The best way I’ve found to do this is to work off of what you already know and like. To use an example from my own life: I was given a copy of Moon as a birthday present because I was fond of juvenile science-fiction books as a middle-schooler. I loved it, so I began seeking recommendations for similar movies. That led me to (Paul Schrader official silver level canon entry) 2001: A Space Odyssey, which led me to Andrei Tarkovsky’s Solaris, which led me to Stanisław Lem’s book.

I think this approach, coupled with an earnest effort to study the history of your favorite mediums, genres, and subcultures—in other words, actually strive to understand why given works are heralded, even if you ultimately disagree with their reputations—will lead to a suitably refined personal taste.
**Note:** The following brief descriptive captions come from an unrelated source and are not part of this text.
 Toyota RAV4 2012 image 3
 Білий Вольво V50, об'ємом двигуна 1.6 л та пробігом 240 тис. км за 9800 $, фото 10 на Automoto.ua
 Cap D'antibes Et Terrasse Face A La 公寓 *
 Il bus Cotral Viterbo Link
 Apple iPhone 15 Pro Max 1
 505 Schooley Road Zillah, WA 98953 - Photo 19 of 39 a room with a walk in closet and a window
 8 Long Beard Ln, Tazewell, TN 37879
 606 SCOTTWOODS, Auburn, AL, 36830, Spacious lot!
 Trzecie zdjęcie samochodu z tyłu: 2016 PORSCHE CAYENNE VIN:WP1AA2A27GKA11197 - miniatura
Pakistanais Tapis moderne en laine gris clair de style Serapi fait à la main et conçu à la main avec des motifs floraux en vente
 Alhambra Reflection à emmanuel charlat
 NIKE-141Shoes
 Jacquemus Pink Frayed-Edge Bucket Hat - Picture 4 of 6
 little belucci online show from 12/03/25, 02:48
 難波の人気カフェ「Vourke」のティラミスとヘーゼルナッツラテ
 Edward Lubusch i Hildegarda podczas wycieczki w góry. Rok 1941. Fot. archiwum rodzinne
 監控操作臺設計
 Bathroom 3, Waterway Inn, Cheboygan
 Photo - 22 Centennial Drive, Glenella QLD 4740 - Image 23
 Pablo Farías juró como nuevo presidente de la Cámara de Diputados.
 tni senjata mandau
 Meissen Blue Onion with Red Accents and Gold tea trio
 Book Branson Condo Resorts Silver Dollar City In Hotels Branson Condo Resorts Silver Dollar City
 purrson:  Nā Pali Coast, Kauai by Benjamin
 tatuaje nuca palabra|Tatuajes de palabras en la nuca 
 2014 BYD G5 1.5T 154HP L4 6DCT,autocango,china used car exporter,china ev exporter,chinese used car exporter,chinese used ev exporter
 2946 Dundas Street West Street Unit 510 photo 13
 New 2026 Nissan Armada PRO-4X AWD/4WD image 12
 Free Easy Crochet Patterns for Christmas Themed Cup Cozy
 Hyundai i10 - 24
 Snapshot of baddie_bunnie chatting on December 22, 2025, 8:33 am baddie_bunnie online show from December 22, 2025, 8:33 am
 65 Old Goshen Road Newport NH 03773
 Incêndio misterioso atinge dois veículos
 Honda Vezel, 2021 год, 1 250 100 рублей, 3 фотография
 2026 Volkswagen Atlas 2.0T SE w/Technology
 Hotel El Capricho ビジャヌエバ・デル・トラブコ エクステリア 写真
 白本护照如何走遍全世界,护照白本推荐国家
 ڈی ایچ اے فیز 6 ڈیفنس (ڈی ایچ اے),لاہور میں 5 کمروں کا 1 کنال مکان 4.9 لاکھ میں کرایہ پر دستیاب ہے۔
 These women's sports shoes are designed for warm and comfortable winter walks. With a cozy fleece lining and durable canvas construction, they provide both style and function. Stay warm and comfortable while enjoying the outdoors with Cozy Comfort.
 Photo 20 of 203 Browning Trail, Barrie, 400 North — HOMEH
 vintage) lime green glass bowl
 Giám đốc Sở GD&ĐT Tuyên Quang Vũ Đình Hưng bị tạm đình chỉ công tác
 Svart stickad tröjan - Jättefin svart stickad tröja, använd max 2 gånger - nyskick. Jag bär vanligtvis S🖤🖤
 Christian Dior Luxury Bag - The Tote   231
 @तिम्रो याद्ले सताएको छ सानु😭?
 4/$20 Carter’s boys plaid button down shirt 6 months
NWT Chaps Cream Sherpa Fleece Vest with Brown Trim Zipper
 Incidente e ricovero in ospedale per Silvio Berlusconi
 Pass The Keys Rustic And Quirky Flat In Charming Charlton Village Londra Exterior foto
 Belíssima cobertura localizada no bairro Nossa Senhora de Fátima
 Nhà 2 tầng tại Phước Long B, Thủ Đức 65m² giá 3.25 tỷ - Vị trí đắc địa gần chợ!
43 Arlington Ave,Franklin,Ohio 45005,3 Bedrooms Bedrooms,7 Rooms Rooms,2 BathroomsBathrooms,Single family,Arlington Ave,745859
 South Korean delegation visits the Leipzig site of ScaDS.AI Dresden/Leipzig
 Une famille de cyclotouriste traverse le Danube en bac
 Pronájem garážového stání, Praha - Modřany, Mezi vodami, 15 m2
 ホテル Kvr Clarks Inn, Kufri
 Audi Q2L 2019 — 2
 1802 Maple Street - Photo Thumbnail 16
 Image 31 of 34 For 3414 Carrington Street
From this increasingly knowledgeable position you’ll be able to articulate your preferences, explain why you disagree with popular consensus on this or that, become more discerning in your choices, see the bountiful connections between various works, and make thoughtful recommendations to others.

If you plan to try your own hand at making art, understanding what makes you tick is immensely helpful. Your self-curated canon will provide you with an endless wellspring of inspiration, a folder full of proven standards to help you cut through your creative blocks. It should be brimming with the art that taught you how the creative process works: archetypes, narrative structures, character development, aesthetics, framing, humor, plot twists, guitar tones, time signatures, wordplay, voice effects, cover art—whatever works you would strive to be mentioned alongside in your own creative pursuits. Further, being familiar with your chosen niche and its seminal works will allow you to break new ground in it.

Ultimately, the deliberate investigation and refinement of your own sensibilities is an act of self discovery; a process that gives us a glimpse, however ephemeral, into the mysterious black box that is the human mind.